Lian Hua mendengus bosan, alih-alih menikmati pertunjukkan tersebut. Gadis remaja itu mengalihkan pandangannya ke arah lain ketika seorang penari wanita yang membawakan tarian pedang dengan anggun memasuki panggung. Lian Hua sama sekali tidak tertarik dengan pertunjukkan membosankan yang lebih banyak dipenuhi oleh orang-orang dewasa.
Lian Hua meletakkan cawan tehnya seraya memperhatikan kedua orang tua dan kakaknya. Merasa jika mereka sudah terbuai dengan pertunjukkan ini, Lian Hua bersorak dalam hati. Sebuah ide melintas dalam benaknya.
****
Sementara itu, dikediaman sang putra mahkota. Para pelayan nampak cemas ketika pangeran mereka tak kunjung membuka pintu atau membiarkan seorang pun masuk.
Kasim Huo yang selalu melayani semua keperluan Yuan pun saat ini berdiri dengan gelisah didepan pintu kamar Yuan yang masih tertutup rapat.
"Putra mahkota, ibunda permaisuri sudah menunggu Anda! Tolong buka pintunya, Anda harus segera bersiap!"
Nihil. Tak ada sahutan atau jawaban dari dalam sana. Ini sudah kedua puluh kalinya, kasim Huo terus mengetuk dan meminta pemuda itu untuk keluar.
Kasim Hong berjalan tergopoh menghampiri kasim Huo dengan cemas.

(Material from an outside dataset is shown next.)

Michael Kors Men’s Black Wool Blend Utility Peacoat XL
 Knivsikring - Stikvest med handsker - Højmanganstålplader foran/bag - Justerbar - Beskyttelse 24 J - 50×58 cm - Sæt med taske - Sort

"Bagaimana? Apakah putra mahkota mau membuka pintunya?"
Kasim Huo menggeleng dengan raut wajah frustasi. Ia meremas tangannya yang sudah berkeringat dingin.
"Apa yang harus kita lakukan jika putra mahkota tidak ada didalam sana?" Kasim Hong menghela nafas berat. Ia tak kalah takut dan gelisah dengan kasim Huo. Keduanya saling bertukar pandang dengan tegang saat seorang pengawal mengumumkan kedatangan permaisuri Zhu Yian.
Keduanya segera membungkuk memberi salam ketika seorang wanita berparas cantik dengan jubah ke-emasan memasuki kediaman putra mahkota. Sorot matanya menatap tajam kedua kasim yang masih membungkuk dihadapannya.
"Kami memberi salam pada permaisuri!" Keduanya terlihat gemetar hingga tak berani menegakkan tubuh sama sekali.
"Apa saja yang kalian lakukan hingga putra mahkota tak kunjung keluar?"
tanyanya dengan nada tenang, namun mampu mengalirkan ketakutan ke seluruh tubuh kedua kasim tersebut.
"Ampun permaisuri, putra mahkota sama sekali tak ingin membuka pintu. Kami sudah berusaha membujuknya," ujar kasim Huo dengan suara bergetar.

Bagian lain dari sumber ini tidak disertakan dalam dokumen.